"If we had the honesty and the moral courage, we would not let a day pass without hearing the cries of the victims."
Noam Chomsky (The Chomsky Reader)
President Mahinda Rajapakse has declared that Killinochchi will be taken by the end of the year. In the last couple of weeks the Tigers have begun to resist the Lankan offensive in earnest. It is not in the nature of the LTTE to surrender; further retreat is becoming increasingly impossible, geographically, politically and militarily. Therefore the Tigers are likely to continue with their resistance until either Vellupillai Pirapaharan is dead (most likely by his own hand; he will not allow himself to be taken prisoner) or a new stalemate is achieved. In such a war what will be the fate of civilian Tamils, caught between a brutal terror outfit and a ruthless administration?
The LTTE has stepped up its attempts to conscript more civilian Tamils to serve as cannon fodder in the coming battles; it is also preventing civilian Tamils from fleeing into the relative safety of government controlled areas, so that they can function as human shields. Corpses of Tamil men women and children, killed by aerial bombing and artillery fire, will be an important politico-propaganda weapon in the Tiger arsenal. The LTTE needs civilian causalities in substantial numbers to create a groundswell of opinion in Tamilnadu, which in turn will impact on Delhi, especially in an election year.
That the LTTE is not concerned about the safety and wellbeing of the Tamils is an axiomatic truth, borne out by its conduct, past and present. This fact, by itself, may not have been catastrophic, if the Rajapakse administration did not retrogress to the pre-Accord practice of treating Tamils as enemy aliens. Today Tamil civilians are caught in a vicious and inescapable trap; the LTTE is deliberately placing them in danger while the Lankan government is indifferent to their fate. The civilian Tamils, especially the ones in the war zone, have no representatives or protectors. In this war they are the real victims; they will be losers, irrespective of which way the war ends.
Another Expulsion Drive?
Defence Secretary Gotabhaya Rajapakse is not only the President’s brother (in an administration which seems to place an unnatural premium on family connections); he is also the military czar of the Rajapakse administration, the man who is directing the war effort. Therefore his public pronouncements, especially on matters of national security, must be taken extremely seriously.

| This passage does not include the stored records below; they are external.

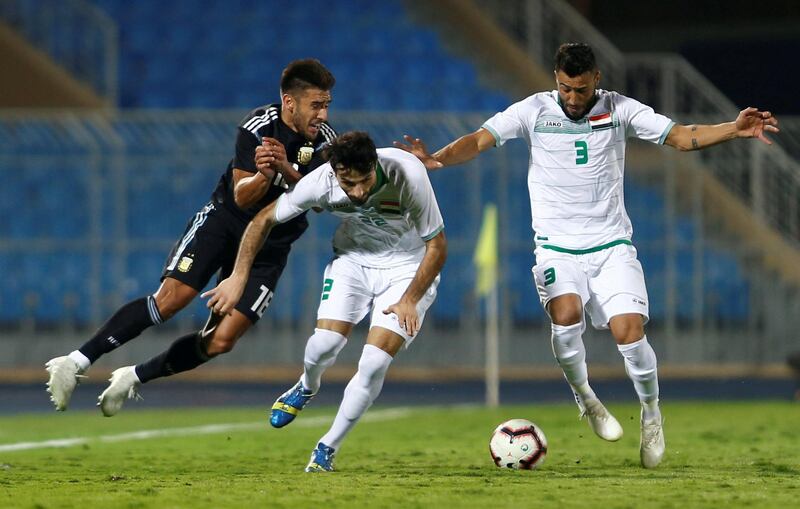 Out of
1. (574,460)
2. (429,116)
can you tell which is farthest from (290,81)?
(429,116)

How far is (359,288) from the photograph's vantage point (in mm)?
8219

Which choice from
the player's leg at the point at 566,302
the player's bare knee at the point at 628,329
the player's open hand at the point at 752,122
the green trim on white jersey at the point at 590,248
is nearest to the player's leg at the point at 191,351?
the player's leg at the point at 566,302

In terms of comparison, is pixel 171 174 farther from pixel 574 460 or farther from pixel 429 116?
pixel 574 460

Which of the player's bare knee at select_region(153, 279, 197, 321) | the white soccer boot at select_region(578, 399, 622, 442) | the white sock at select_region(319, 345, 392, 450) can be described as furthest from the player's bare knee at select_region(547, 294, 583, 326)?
the player's bare knee at select_region(153, 279, 197, 321)

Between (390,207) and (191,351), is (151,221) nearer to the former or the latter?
(191,351)

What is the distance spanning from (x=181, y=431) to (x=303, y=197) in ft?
16.9

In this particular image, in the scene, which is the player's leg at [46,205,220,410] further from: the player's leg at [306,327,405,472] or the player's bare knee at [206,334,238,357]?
the player's leg at [306,327,405,472]

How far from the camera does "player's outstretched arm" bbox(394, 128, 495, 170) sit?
319 inches

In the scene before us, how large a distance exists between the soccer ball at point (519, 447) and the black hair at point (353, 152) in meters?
2.02

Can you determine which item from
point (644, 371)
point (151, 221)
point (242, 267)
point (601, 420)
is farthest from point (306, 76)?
point (151, 221)

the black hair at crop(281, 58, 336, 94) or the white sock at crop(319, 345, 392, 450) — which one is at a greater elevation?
the black hair at crop(281, 58, 336, 94)

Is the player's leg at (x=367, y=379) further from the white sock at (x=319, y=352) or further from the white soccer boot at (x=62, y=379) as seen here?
the white soccer boot at (x=62, y=379)

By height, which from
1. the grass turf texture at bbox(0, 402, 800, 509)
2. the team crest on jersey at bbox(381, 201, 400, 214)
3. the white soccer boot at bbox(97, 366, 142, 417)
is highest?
the team crest on jersey at bbox(381, 201, 400, 214)

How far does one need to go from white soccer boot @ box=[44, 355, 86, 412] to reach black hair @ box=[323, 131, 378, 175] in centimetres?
246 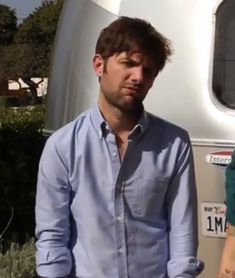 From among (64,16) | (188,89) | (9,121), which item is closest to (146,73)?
(188,89)

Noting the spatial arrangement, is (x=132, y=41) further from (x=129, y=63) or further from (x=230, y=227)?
(x=230, y=227)

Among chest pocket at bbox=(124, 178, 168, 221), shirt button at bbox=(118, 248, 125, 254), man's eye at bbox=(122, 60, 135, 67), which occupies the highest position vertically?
man's eye at bbox=(122, 60, 135, 67)

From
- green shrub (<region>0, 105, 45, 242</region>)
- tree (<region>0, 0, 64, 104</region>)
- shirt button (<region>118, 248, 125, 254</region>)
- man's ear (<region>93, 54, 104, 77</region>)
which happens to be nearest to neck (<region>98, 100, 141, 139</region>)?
man's ear (<region>93, 54, 104, 77</region>)

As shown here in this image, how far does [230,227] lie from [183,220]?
0.22 meters

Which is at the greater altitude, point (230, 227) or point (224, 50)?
point (224, 50)

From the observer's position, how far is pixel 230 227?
9.48ft

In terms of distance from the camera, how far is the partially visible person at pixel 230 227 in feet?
9.36

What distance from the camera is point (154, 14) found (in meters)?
4.55

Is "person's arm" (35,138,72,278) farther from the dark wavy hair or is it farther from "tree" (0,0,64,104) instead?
"tree" (0,0,64,104)

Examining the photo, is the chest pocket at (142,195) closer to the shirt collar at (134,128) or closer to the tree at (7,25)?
the shirt collar at (134,128)

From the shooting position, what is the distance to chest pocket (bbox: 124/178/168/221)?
302cm

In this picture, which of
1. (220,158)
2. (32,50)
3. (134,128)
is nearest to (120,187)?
(134,128)

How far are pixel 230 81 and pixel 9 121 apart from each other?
415 centimetres

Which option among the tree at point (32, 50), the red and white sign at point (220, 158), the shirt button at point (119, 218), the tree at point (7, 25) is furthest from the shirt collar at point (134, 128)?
the tree at point (7, 25) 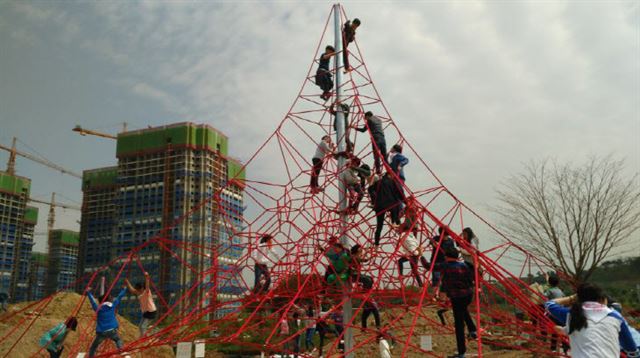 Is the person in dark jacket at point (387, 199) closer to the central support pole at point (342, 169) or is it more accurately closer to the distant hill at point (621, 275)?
the central support pole at point (342, 169)

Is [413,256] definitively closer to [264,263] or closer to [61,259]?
[264,263]

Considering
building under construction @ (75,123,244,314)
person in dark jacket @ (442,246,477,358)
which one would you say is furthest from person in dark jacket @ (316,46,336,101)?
building under construction @ (75,123,244,314)

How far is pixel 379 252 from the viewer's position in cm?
764

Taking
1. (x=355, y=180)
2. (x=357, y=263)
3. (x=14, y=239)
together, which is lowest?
(x=357, y=263)

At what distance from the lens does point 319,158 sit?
9117 mm

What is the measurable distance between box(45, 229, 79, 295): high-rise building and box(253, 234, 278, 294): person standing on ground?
68.8 m

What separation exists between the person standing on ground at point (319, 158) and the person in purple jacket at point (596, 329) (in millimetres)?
5509

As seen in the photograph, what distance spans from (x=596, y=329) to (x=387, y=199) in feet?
12.8

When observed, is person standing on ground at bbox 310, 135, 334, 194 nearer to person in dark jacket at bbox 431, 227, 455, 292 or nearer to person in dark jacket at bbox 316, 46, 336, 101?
person in dark jacket at bbox 316, 46, 336, 101

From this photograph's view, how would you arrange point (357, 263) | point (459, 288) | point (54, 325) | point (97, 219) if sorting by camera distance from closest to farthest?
point (459, 288)
point (357, 263)
point (54, 325)
point (97, 219)

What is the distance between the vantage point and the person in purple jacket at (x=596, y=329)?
12.9 ft

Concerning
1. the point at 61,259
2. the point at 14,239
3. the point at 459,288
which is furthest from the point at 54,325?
the point at 61,259

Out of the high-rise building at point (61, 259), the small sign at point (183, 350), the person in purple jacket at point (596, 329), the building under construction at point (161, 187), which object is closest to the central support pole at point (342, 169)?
the small sign at point (183, 350)

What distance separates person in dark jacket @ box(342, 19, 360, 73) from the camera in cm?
934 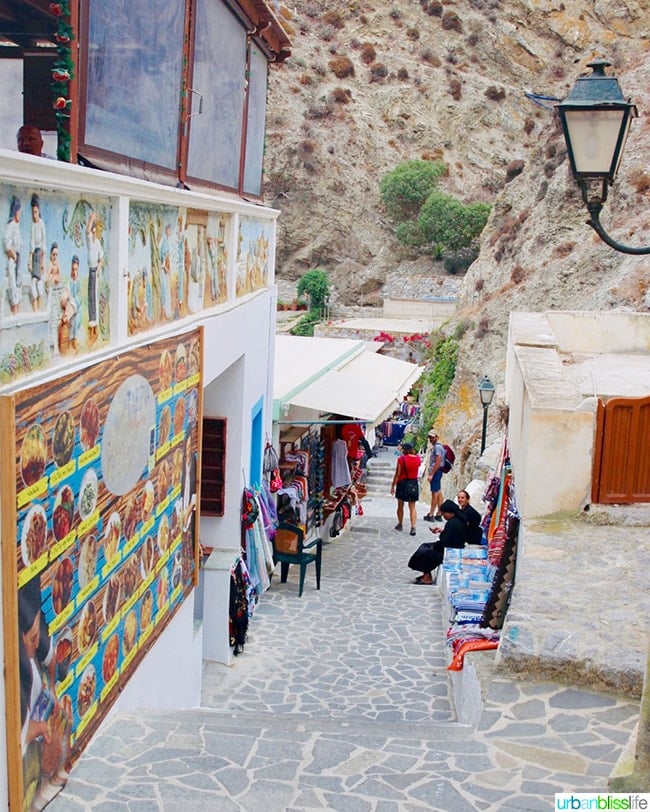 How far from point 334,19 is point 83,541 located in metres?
63.3

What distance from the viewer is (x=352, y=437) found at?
1551 cm

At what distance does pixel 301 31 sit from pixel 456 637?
6010cm

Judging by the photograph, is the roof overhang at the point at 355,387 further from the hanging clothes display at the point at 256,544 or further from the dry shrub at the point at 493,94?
the dry shrub at the point at 493,94

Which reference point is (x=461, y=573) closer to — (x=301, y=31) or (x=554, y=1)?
(x=301, y=31)

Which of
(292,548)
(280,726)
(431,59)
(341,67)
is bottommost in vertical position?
(292,548)

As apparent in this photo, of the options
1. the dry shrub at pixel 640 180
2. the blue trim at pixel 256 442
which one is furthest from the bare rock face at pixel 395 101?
the blue trim at pixel 256 442

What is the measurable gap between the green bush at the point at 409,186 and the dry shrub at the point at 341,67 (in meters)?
8.42

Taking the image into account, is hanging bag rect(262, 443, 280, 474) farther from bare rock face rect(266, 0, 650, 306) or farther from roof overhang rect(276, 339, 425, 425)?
bare rock face rect(266, 0, 650, 306)

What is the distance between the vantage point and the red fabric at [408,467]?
1468cm

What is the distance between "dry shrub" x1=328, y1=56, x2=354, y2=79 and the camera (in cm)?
5931

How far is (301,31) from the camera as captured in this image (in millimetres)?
60469

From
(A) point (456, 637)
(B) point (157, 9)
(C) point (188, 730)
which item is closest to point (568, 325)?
(A) point (456, 637)

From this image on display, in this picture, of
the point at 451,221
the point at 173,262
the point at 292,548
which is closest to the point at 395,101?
the point at 451,221

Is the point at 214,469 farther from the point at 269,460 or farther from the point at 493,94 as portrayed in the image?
the point at 493,94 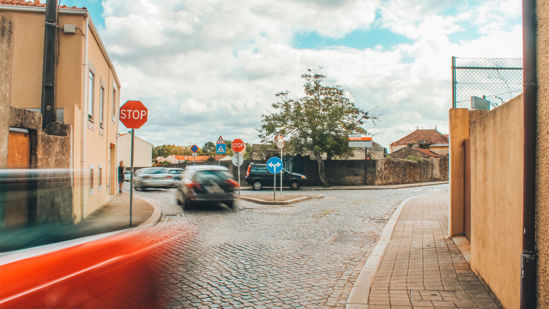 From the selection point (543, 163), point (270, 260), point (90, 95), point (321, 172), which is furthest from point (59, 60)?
point (321, 172)

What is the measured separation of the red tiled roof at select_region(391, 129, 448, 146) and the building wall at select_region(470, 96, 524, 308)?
7576 cm

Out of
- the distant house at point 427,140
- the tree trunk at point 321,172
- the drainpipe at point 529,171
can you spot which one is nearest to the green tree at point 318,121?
the tree trunk at point 321,172

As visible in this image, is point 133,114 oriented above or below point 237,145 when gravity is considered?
above

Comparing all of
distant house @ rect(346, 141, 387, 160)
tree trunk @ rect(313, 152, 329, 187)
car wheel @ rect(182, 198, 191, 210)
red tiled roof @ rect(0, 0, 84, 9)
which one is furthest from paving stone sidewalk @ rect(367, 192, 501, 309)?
distant house @ rect(346, 141, 387, 160)

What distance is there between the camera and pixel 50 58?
11.3 metres

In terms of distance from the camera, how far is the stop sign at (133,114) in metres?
11.4

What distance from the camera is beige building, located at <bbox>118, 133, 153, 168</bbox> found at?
2685 inches

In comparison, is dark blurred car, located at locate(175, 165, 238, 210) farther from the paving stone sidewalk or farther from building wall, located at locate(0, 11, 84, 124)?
the paving stone sidewalk

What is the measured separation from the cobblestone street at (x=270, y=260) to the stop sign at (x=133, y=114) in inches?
122

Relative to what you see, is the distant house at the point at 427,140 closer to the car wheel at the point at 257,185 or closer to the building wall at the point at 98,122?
the car wheel at the point at 257,185

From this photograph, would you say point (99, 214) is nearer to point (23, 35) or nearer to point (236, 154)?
point (23, 35)

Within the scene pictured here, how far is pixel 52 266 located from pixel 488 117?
5038 mm

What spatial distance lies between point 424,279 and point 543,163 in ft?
9.48

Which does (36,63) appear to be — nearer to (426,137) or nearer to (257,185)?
(257,185) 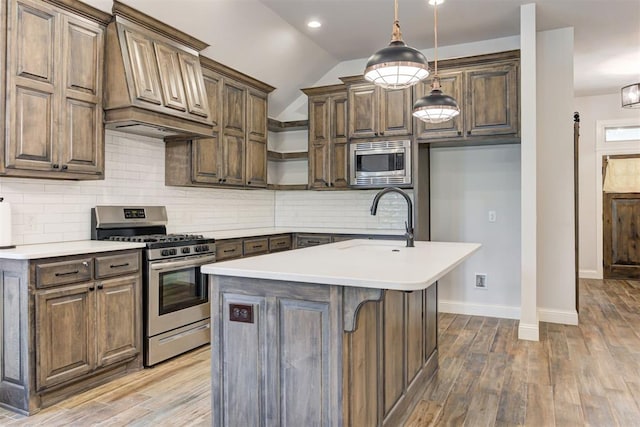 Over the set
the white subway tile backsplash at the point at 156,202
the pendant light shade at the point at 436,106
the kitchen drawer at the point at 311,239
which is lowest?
the kitchen drawer at the point at 311,239

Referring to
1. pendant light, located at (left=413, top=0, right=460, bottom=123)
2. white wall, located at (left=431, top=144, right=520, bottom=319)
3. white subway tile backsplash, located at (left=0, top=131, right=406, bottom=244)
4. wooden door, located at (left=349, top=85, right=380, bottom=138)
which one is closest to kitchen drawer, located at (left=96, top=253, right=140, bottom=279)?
white subway tile backsplash, located at (left=0, top=131, right=406, bottom=244)

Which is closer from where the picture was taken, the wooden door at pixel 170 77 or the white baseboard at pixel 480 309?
the wooden door at pixel 170 77

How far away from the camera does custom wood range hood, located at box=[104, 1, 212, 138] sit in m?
3.32

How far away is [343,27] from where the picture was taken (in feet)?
15.3

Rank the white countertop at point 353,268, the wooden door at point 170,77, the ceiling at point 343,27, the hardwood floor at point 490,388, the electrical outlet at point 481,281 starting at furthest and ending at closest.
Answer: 1. the electrical outlet at point 481,281
2. the ceiling at point 343,27
3. the wooden door at point 170,77
4. the hardwood floor at point 490,388
5. the white countertop at point 353,268

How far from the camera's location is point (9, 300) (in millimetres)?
2719

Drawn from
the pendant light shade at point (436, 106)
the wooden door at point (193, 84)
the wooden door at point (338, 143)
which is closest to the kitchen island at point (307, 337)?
the pendant light shade at point (436, 106)

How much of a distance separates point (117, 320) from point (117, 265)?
382mm

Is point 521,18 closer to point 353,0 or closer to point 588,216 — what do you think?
point 353,0

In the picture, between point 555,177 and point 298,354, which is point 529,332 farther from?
point 298,354

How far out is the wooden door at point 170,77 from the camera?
3.62 meters

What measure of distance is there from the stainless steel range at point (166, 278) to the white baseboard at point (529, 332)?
9.40 ft

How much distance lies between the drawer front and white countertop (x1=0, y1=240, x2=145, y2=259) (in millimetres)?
63

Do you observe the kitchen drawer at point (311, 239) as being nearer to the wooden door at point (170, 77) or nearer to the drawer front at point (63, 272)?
the wooden door at point (170, 77) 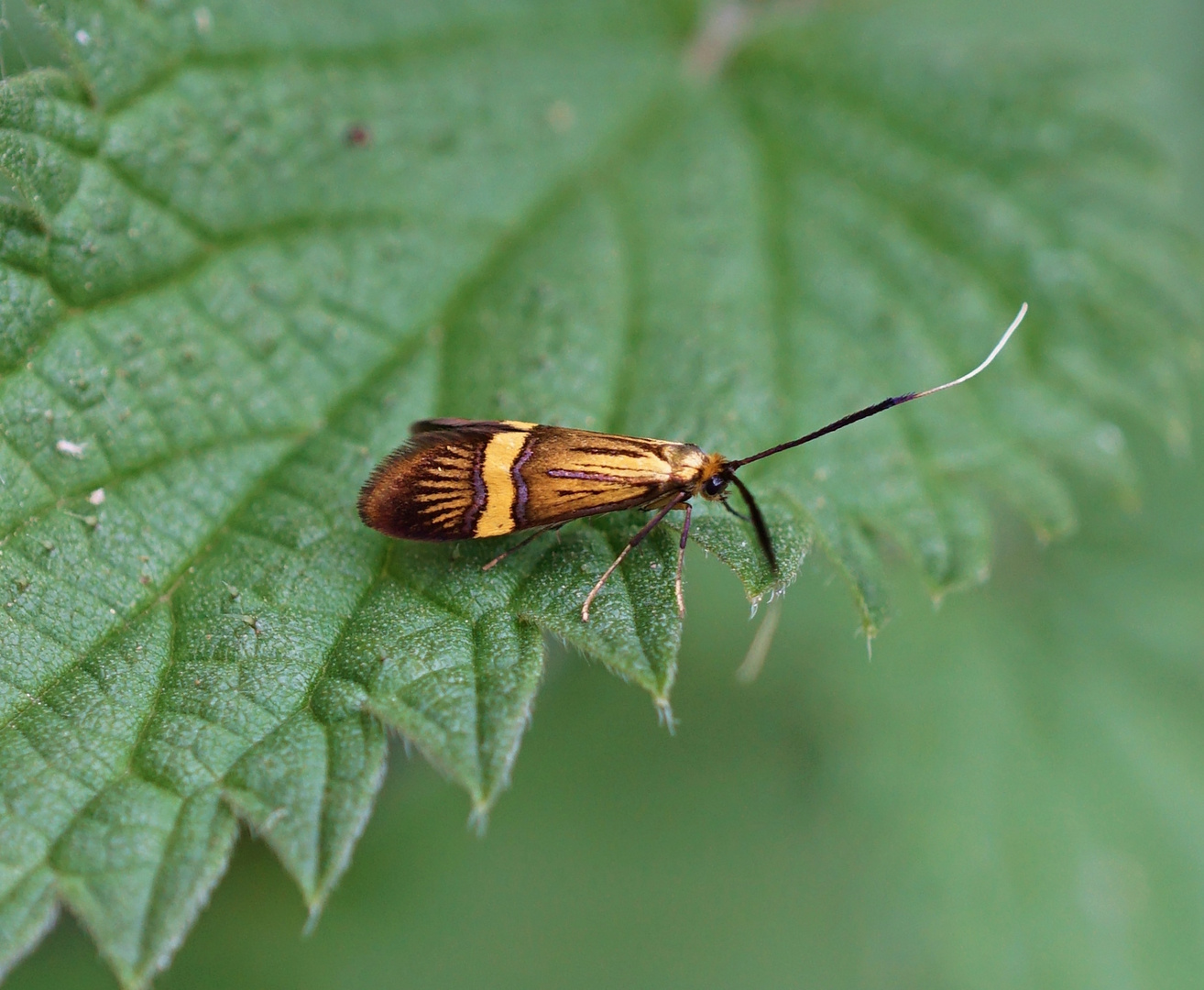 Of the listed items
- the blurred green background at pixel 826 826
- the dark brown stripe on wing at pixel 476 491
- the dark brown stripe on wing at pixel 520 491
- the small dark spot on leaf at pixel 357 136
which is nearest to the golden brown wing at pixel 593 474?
the dark brown stripe on wing at pixel 520 491

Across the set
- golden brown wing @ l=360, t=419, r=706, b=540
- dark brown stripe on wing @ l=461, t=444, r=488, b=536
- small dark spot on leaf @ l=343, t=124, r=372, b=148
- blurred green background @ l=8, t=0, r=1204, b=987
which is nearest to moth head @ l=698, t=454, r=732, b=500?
golden brown wing @ l=360, t=419, r=706, b=540

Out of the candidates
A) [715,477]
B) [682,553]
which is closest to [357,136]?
[715,477]

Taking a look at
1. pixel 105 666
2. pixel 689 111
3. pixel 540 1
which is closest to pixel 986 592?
pixel 689 111

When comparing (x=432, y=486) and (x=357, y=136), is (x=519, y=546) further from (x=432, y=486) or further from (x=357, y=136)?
(x=357, y=136)

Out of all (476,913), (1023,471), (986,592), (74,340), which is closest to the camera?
(74,340)

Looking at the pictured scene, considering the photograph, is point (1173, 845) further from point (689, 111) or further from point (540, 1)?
point (540, 1)

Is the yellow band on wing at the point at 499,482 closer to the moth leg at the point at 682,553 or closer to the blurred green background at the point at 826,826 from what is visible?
the moth leg at the point at 682,553

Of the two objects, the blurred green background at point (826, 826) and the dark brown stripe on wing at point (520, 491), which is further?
the blurred green background at point (826, 826) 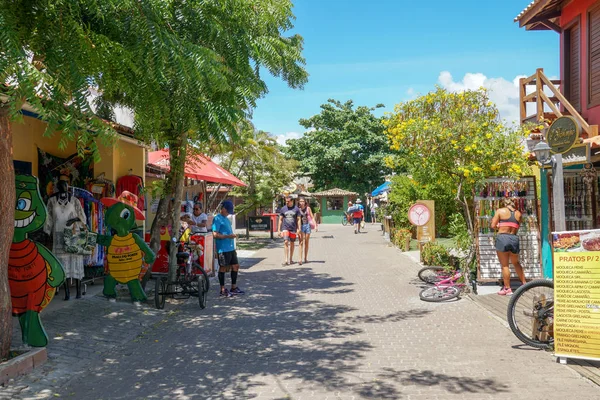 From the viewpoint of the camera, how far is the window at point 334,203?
47062 mm

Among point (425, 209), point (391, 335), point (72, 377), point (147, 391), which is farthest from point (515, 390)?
point (425, 209)

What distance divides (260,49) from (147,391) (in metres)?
4.37

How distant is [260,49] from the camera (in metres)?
7.29

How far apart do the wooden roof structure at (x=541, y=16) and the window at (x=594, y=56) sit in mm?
943

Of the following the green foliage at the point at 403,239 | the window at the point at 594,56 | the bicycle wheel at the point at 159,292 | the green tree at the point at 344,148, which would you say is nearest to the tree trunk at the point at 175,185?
the bicycle wheel at the point at 159,292

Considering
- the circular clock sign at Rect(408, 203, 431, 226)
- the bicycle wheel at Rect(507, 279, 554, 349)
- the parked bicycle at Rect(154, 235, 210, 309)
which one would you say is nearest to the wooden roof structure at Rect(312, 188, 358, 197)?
the circular clock sign at Rect(408, 203, 431, 226)

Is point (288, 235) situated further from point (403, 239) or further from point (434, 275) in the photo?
point (403, 239)

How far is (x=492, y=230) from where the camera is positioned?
34.7 ft

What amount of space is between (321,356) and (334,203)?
41099 millimetres

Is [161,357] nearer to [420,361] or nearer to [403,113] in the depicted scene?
[420,361]

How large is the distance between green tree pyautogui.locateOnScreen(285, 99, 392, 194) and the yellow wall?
31.4 meters

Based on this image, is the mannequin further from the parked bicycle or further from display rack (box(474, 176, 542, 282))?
display rack (box(474, 176, 542, 282))

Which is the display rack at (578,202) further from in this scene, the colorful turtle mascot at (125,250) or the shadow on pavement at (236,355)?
the colorful turtle mascot at (125,250)

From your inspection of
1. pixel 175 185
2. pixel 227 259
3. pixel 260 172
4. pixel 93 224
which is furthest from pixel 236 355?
pixel 260 172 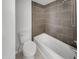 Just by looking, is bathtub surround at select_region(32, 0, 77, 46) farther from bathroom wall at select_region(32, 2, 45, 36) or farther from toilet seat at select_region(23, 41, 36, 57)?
toilet seat at select_region(23, 41, 36, 57)

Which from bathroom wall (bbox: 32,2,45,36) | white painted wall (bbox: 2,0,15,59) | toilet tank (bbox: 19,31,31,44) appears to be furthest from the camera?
bathroom wall (bbox: 32,2,45,36)

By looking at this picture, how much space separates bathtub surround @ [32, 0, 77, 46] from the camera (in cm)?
243

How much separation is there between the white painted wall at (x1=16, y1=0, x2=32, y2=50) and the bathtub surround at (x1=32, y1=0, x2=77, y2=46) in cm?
34

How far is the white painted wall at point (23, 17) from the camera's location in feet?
11.0

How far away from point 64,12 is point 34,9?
158 centimetres

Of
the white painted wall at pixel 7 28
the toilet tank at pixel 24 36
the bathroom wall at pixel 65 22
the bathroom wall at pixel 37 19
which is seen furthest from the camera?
the bathroom wall at pixel 37 19

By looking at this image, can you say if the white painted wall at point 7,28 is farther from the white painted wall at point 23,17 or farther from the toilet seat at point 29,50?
the white painted wall at point 23,17

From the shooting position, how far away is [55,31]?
132 inches

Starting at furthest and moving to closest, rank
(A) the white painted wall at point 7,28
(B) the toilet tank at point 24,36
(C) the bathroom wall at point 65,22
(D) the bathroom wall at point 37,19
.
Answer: (D) the bathroom wall at point 37,19 < (B) the toilet tank at point 24,36 < (C) the bathroom wall at point 65,22 < (A) the white painted wall at point 7,28

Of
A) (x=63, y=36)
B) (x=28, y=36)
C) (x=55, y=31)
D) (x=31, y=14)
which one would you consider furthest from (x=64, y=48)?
(x=31, y=14)

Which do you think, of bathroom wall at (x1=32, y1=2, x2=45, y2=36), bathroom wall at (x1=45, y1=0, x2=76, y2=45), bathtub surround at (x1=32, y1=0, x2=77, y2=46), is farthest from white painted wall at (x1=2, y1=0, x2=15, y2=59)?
bathroom wall at (x1=32, y1=2, x2=45, y2=36)

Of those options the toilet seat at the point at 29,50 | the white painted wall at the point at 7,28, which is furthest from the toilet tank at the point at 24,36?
the white painted wall at the point at 7,28

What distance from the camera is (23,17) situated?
349 centimetres

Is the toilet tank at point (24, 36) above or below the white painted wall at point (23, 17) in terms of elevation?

Some time back Mr. Rajapakse tried to expel North-Eastern Tamils from Colombo lodges citing security concerns. This unconstitutional, anti-democratic and anti-civilisational act was widely denounced, nationally and internationally. The massive adverse reaction, together with a Supreme Court order, caused a halt to the expulsion drive. In a recent interview Gotabhaya Rajapakse resurrected his old idea, arguing that such ‘human control measures’ are necessary, indeed unavoidable, in the current context: "An alarming situation has been observed by the Security Forces as a large number of people have come to the Colombo Police Division in August alone without any valid reason… In August 6,950 people have come to the Colombo Police Division and are temporarily living in lodges, houses and various other places. This is not normal. This is an abnormal thing. It causes a lot of problems. Among other things it causes a lot of security risks. I prefer most of these people who had come from other areas to Colombo and suburbs and who are staying here without any valid reason to go back to their areas because it is an immense problem for the Security Forces to provide security. The LTTE mingles with these people to infiltrate these areas….. We must be prepared for this. That is why we are doing human control measures. People criticise us for fundamental rights violations when we do these things" (Daily News – 13.9.2008).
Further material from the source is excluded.